Minimal Computing, Border Technologies and Other Marginal Practices in DH

April 16, 2018 - 12:00pm1:30pm

Humanities Conference Room, 623 Williams Hall

In this talk we explore the epistemological edges of Digital Humanities to look at some recent trends that open it up to diasporic and global south practices. Minimal computing embodies a form of thinking that is planetary and emancipatory in scope, connecting it to other forms of technological disobedience found in the global south. Compare some of those edge cases—pirate libraries, immigrant tech use, repurposing, etc—to the production mechanisms of private and public enterprises in the North Atlantic world, we will hopefully develop a vision of our practice that reconciles cultural analytics and research architectures with struggles for justice.
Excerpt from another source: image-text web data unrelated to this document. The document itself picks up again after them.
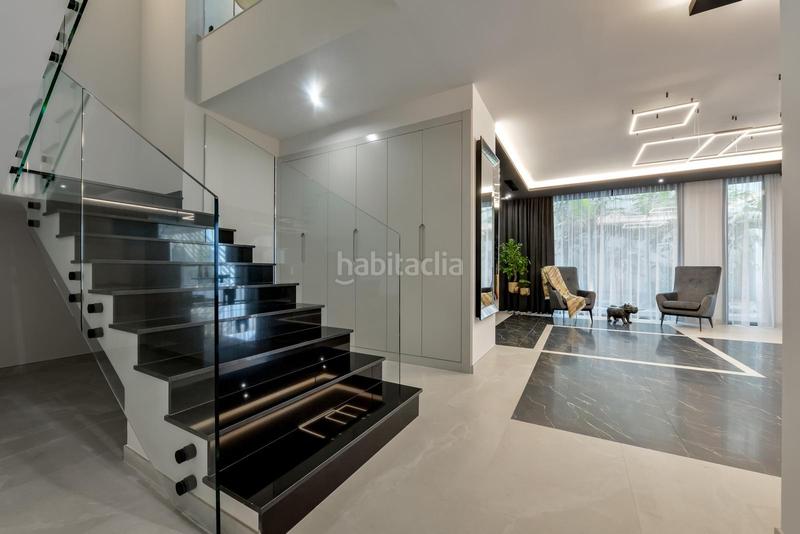 Foto e3ac50d8-cff7-409c-a21a-9e8833bf50f7. Chalet con parcheggio piscina in Golf Bahía Finestrat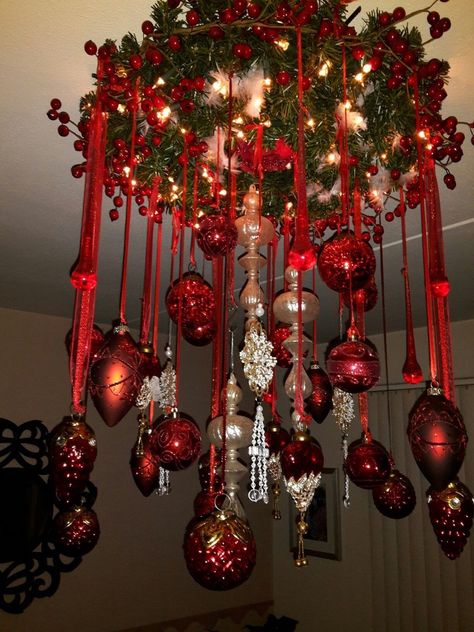 Christmas Ceiling Decor, Christmas Chandeliers, Christmas Ceiling Decorations, Christmas Chandelier, Easy Christmas Decorations, Holiday Crafts Christmas, Christmas Door Decorations, Christmas Decorations Rustic, Christmas Centerpieces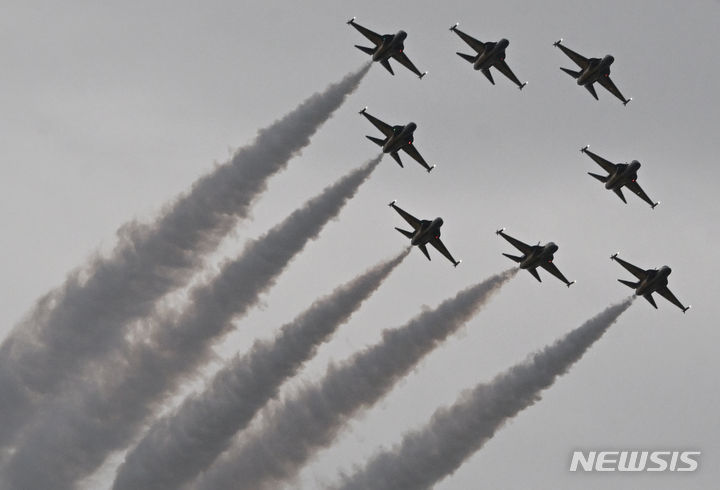 エアショーを繰り広げる韓国空軍ブラックイーグルス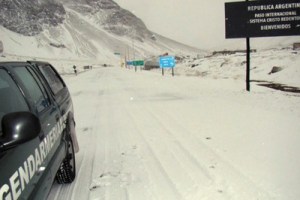 Cierran el paso entre Argentina y Chile por nieve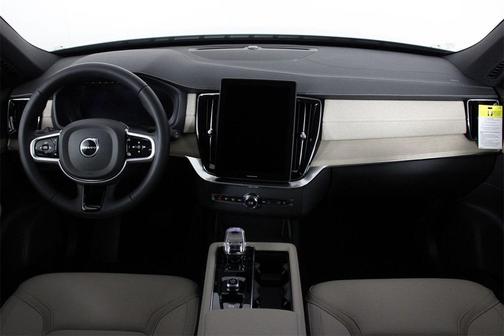 2026 Volvo XC90 B6 Core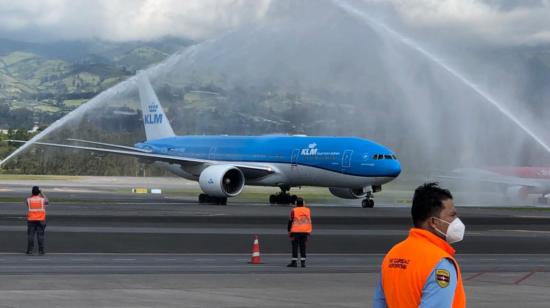 La tarde del 7 de abril de 2021 arribó a Quito un avión de KLM con una cargamento de 300.000 vacunas de Sinovac.
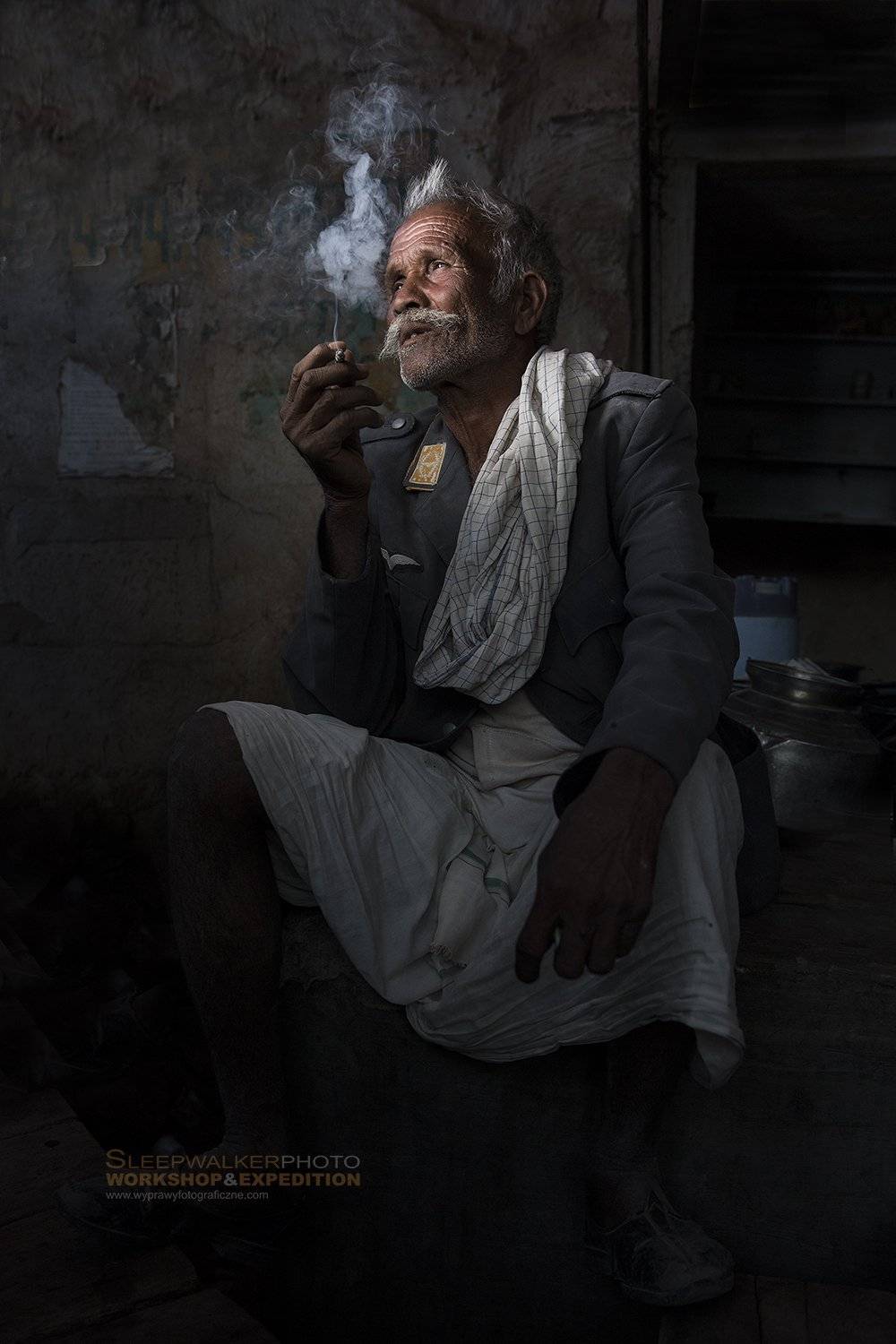 portrait, people, men, man, smoke,, Tomek Jungowski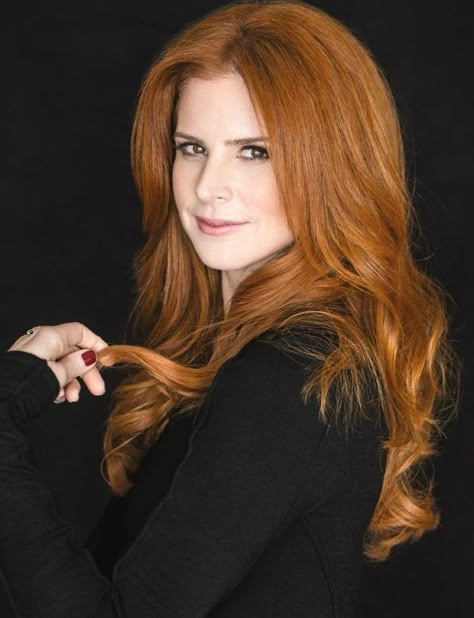 Sarah Rafferty of Suits. Emmy magazine layout. 2014 Donna Suits, Donna Paulsen, Sarah Rafferty, Suits Tv Shows, Suits Tv, Red Hair Woman, Red Heads, Ginger Girls, Long Red Hair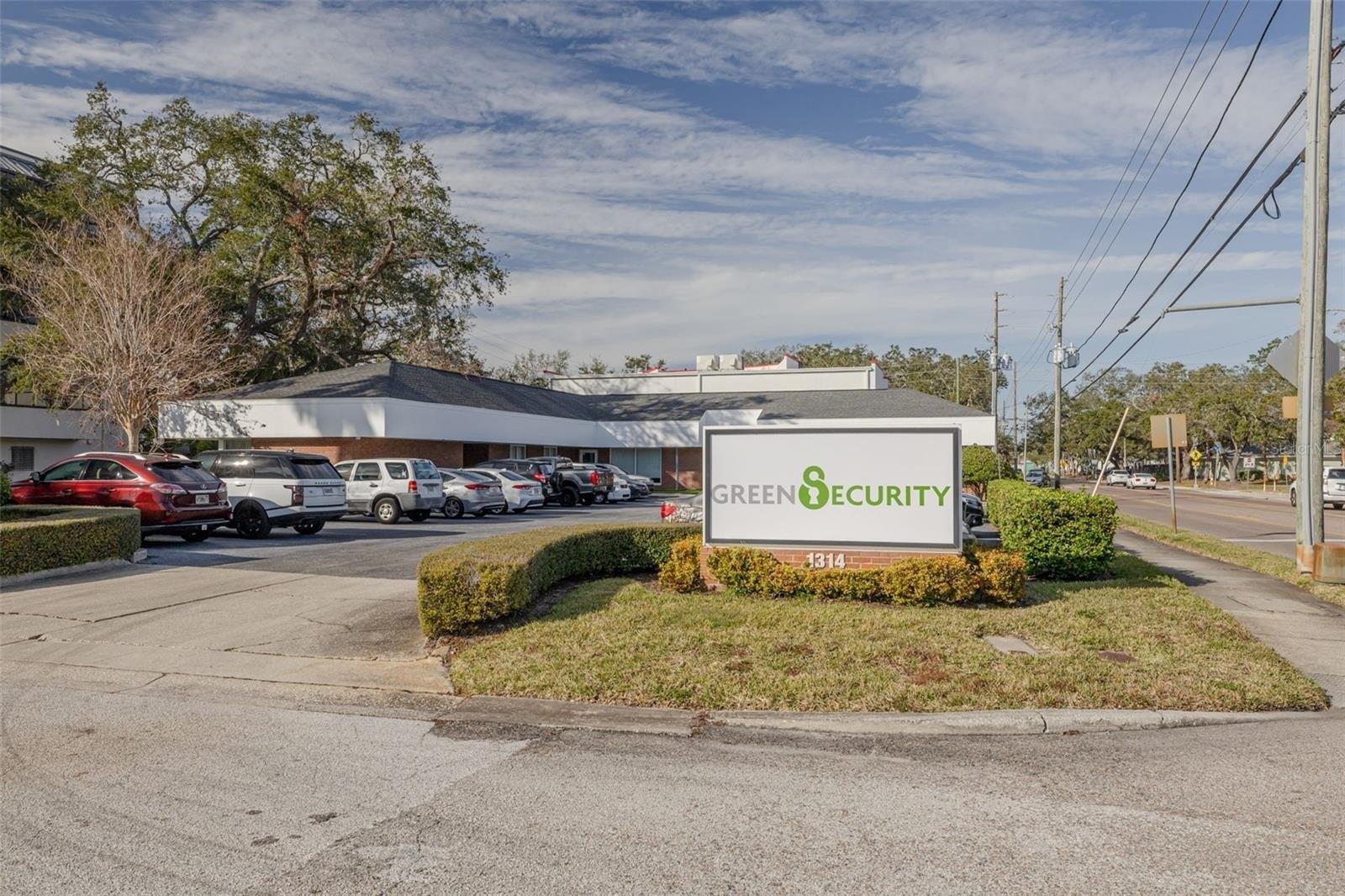 Property Image for 1314 S Fort Harrison Avenue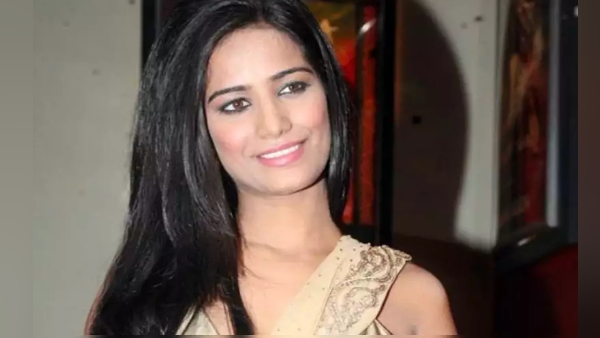 सोशल मीडिया पर एक्टिव पूनम पांडे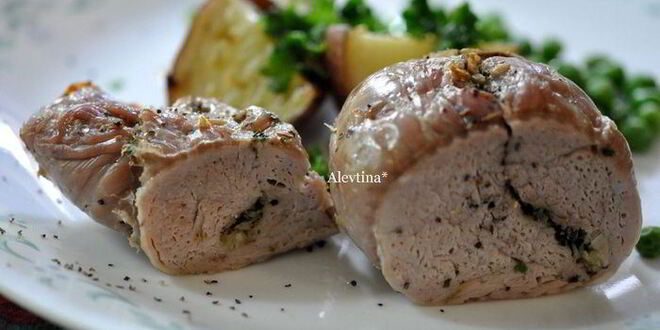 Рецепт свинины с начинкой из лука и чеснока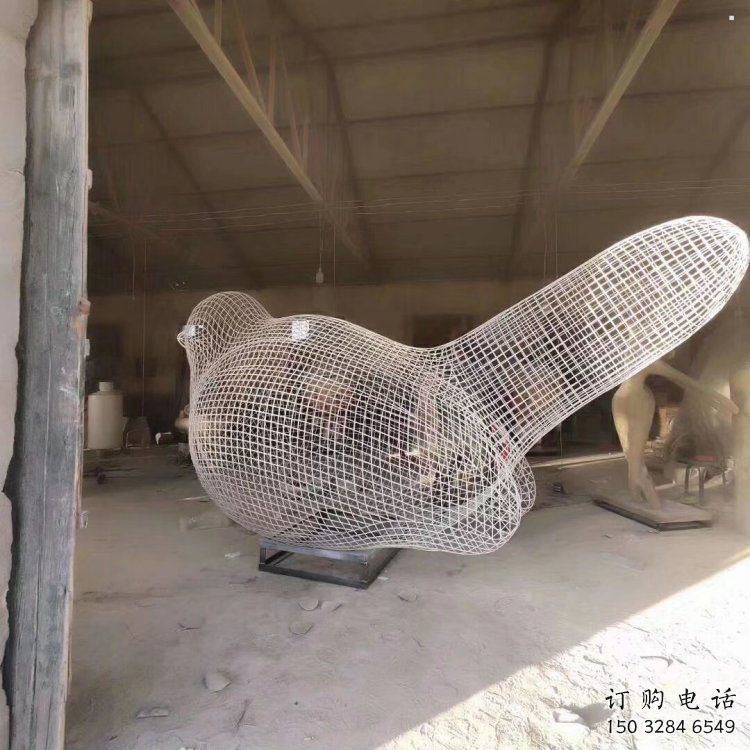 鏤空鳥雕塑批發(fā)，拉絲工藝，鐵藝小鳥雕塑承接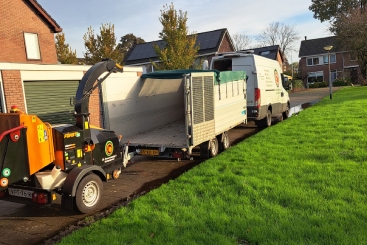 Op zoek naar een expert in boomverzorging in Roden? Wij beschikken over de juiste kennis én materialen voor elke klus.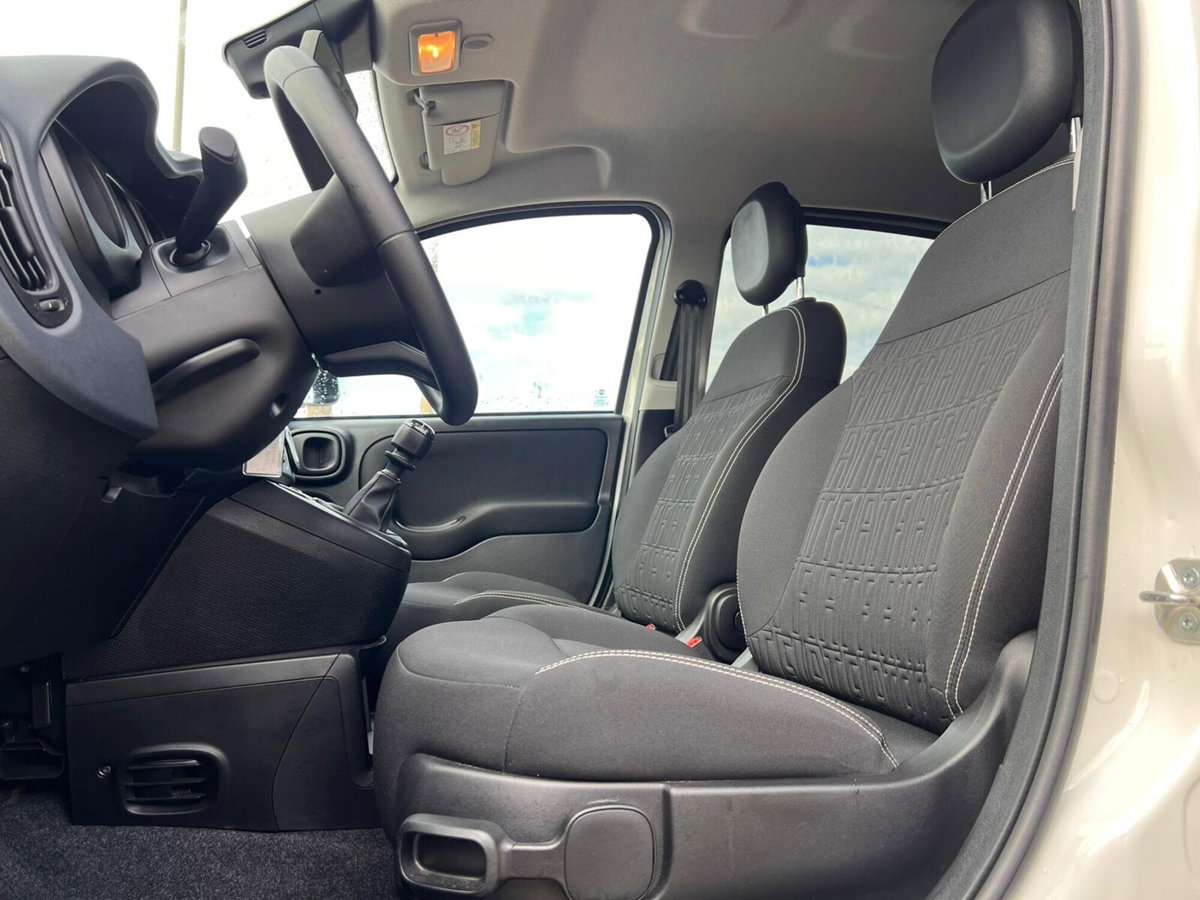 Fiat Panda 1.0 FireFly S&S Hybrid City Cross (6)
B.A., Florida International University (2000), Ph.D., University of Virginia (2012). Alex Gil specializes in twentieth-century Caribbean literature and Digital Humanities, with an emphasis on textual studies. His recent research in Caribbean literature focuses on the works and legacy of Aimé Césaire, including work in Aimé Césaire: Poésie, théâtre, essais et discours published by Planète Libre in 2013. He has published in journals and collections of essays in Canada, France and the United States, while sustaining an open-access and robust online research presence. In 2010-2012 he was a fellow at the Scholars' Lab and NINES at the University of Virginia. He is founder and vice chair of the Global Outlook::Digital Humanities initiative and the co-founder and co-director of the Group for Experimental Methods in the Humanities and the Studio@Butler at Columbia University. He serves as Co-editor for Small Axe: Archipelagos and Multilingual Editor for Digital Humanities Quarterly. Alex Gil is actively engaged in several digital humanities projects at Columbia and around the world, including Ed, a digital platform for minimal editions of literary texts; the Open Syllabus Project; the Translation Toolkit; and, In The Same Boats, a visualization of trans-atlantic intersections of black intellectuals in the 20th century.

This lecture is part of the Price Lab Workshop Series, made possible by the DH Graduate Student Working Group.